Manch­mal frage ich mich schon, wie weit Po­li­ti­ker und Wirt­schafts­füh­rer von der Rea­li­tät der Be­völ­ke­rung ent­fernt sind. Da wun­dert man sich doch land­auf, landab dar­über, wie die Schwei­zer Be­völ­ke­rung mit ei­ner Drei­vier­tel­mehr­heit die Lo­gik über Bord wer­fen konnte und ver­ant­wor­tungs­los zu­kün­f­it­gen Pen­sio­nier­ten Geld zu­spricht, das diese gar nicht sel­ber er­spart ha­ben.
Nun ja, wie soll ich sa­gen: Die Be­völ­ke­rung hat in den letz­ten Jah­ren an­schau­lich gelernt:

  • Dass Rei­che hem­mungs­los den Steu­er­wett­be­werb aus­nut­zen und dort­hin zie­hen, wo sie keine oder nur we­nig Steu­ern zah­len müssen
  • Oder aber sie hin­ter­zie­hen gleich ihre Steu­ern und ver­schie­ben ihr Geld heim­lich in ein Land mit Bankgeheimnis.
  • In­vest­ment­ban­ker ver­zo­cken nicht nur ihr ei­ge­nes Geld, son­dern auch das­je­nige ih­rer Kun­den hem­mungs­los an der Börse.

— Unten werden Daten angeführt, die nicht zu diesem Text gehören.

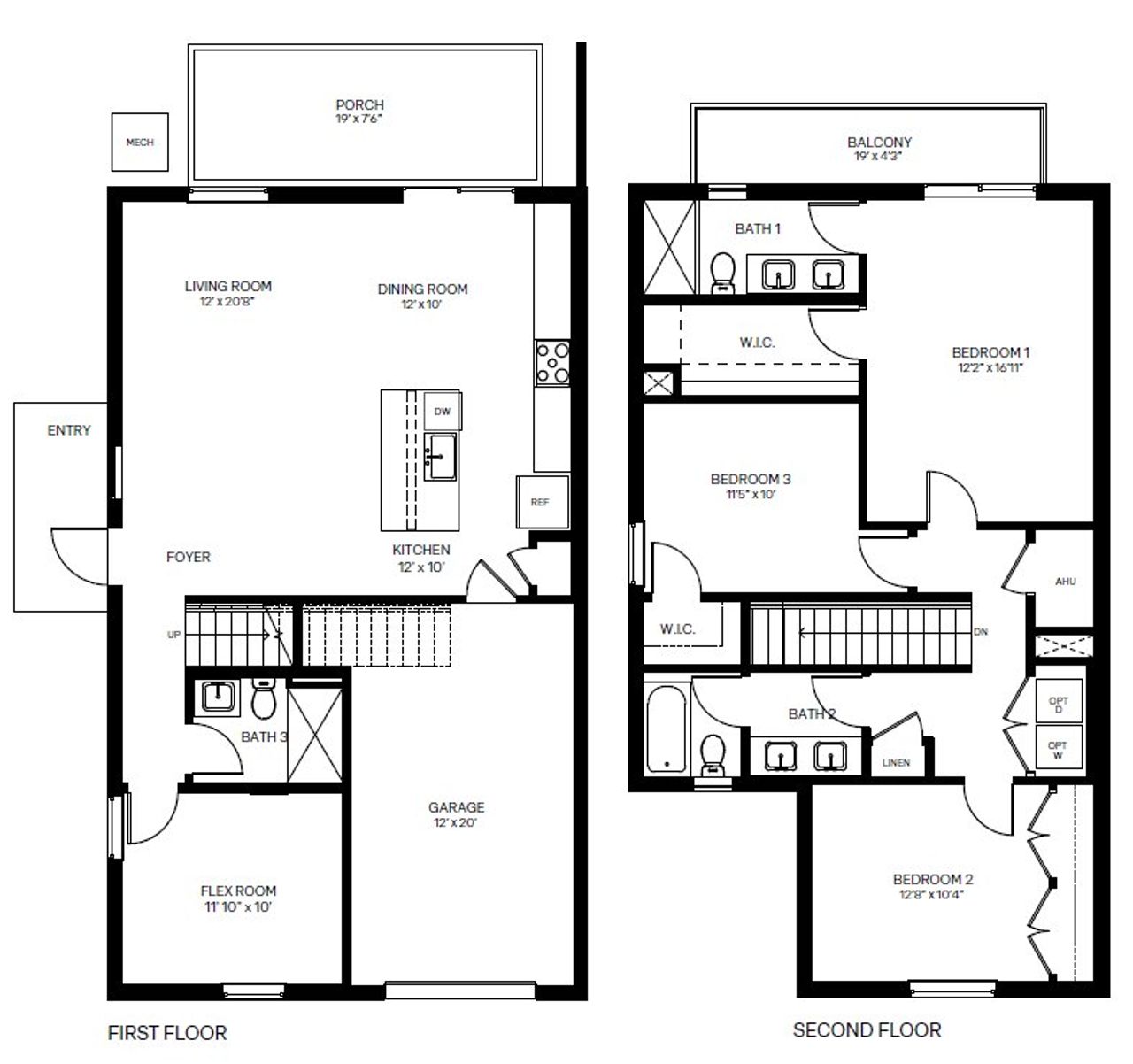 2D floor plan layout for the Callington by D.R. Horton in Vintage Oaks, Palm Beach Gardens, FL (Image 2).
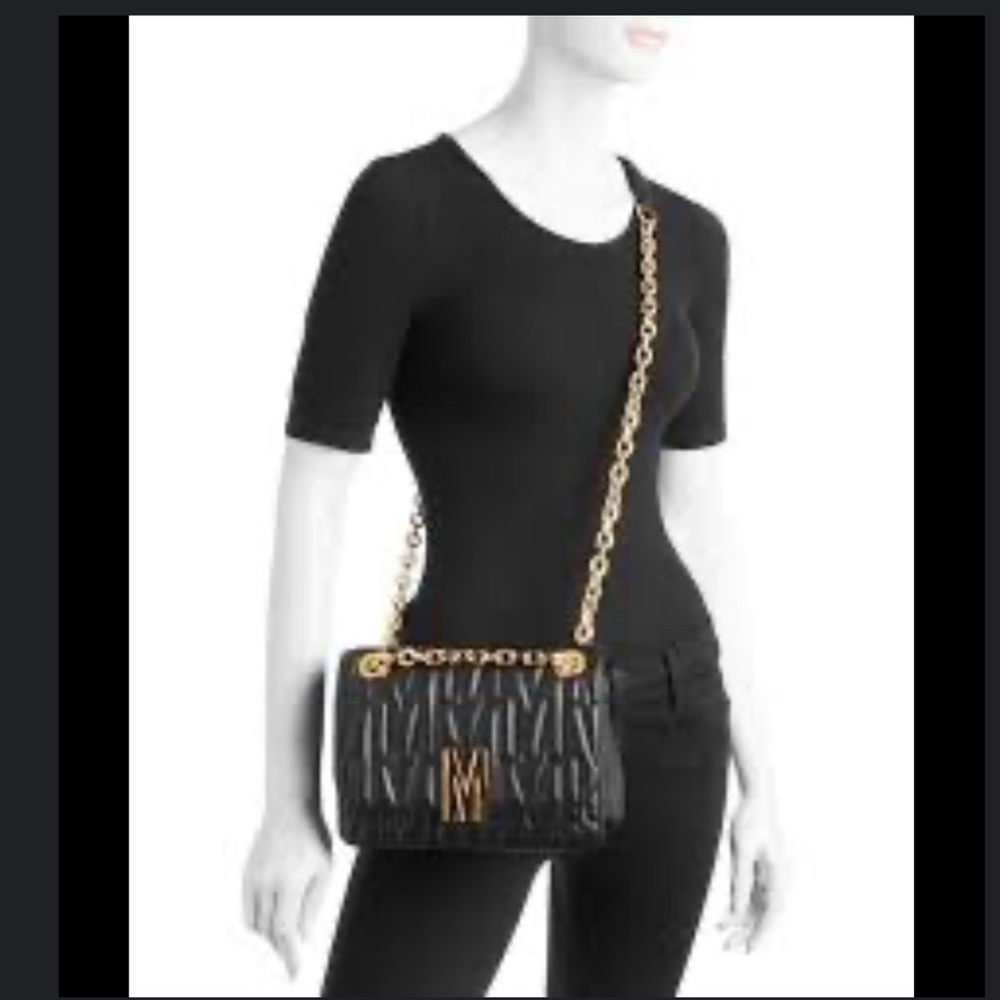 Moschino Black and Gold Ruched Leather Crossbody Bag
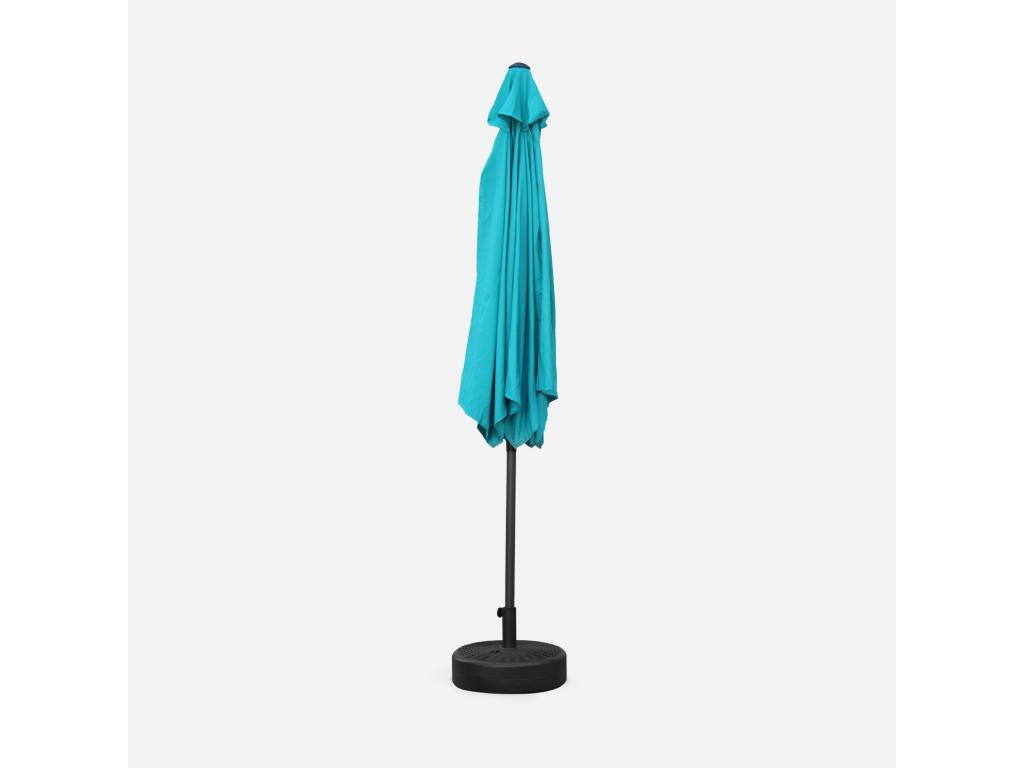 Round straight parasol 300cm - Dekonao Turquoise - adjustable central aluminium pole and Dekonao GMTE63130 opening
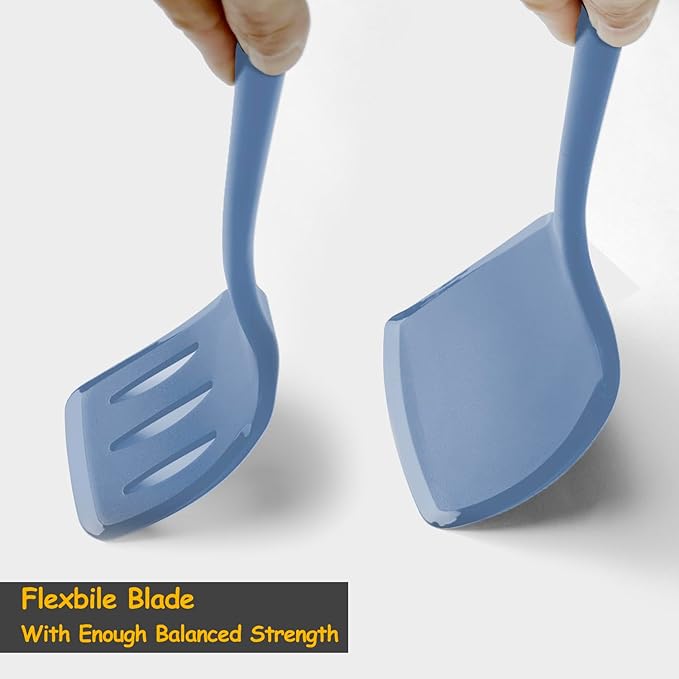 Silicone Spatula Set, 600°F Heat Resistant Silicone Spatula Turner Flipper for Cooking, Non Stick and Non Scratch Kitchen Utensils for Eggs & Pancakes, 4 Pack,Starry Blue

  • Da­bei scheuen sie nicht da­vor zu­rück, die Kun­den mit fal­schen oder un­kla­ren Ver­spre­chun­gen in In­ves­ti­tio­nen zu lo­cken, die diese ei­gent­lich gar nicht wol­len und auch nicht ver­ste­hen, so­lange nur der ei­gene Um­satz und so­mit der Bo­nus stimmt.

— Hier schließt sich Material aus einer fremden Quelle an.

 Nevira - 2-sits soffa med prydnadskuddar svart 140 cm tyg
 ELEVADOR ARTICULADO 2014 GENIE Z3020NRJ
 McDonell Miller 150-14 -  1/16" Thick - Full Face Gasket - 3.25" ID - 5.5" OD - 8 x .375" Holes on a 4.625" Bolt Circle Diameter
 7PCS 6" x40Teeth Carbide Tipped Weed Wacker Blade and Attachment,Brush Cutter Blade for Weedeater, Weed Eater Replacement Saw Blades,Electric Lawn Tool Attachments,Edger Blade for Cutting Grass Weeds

  • In gu­ten Zei­ten kas­sie­ren sie schwin­del­er­re­gende Boni und in schlech­ten Zei­ten ist kei­ner ver­ant­wort­lich, und der Steu­er­zah­ler trägt die Ver­luste.
  • Das vom Steu­er­zah­ler zur Ret­tung ein­ge­schos­sene Geld wird so rasch wie mög­lich ab­sor­biert und zur Fort­füh­rung der Bonus-Party ein­ge­setzt. An eine Rück­zah­lung der Ret­tungs­gel­der nach er­folg­rei­cher Ret­tung denkt na­tür­lich kei­ner. Wozu auch.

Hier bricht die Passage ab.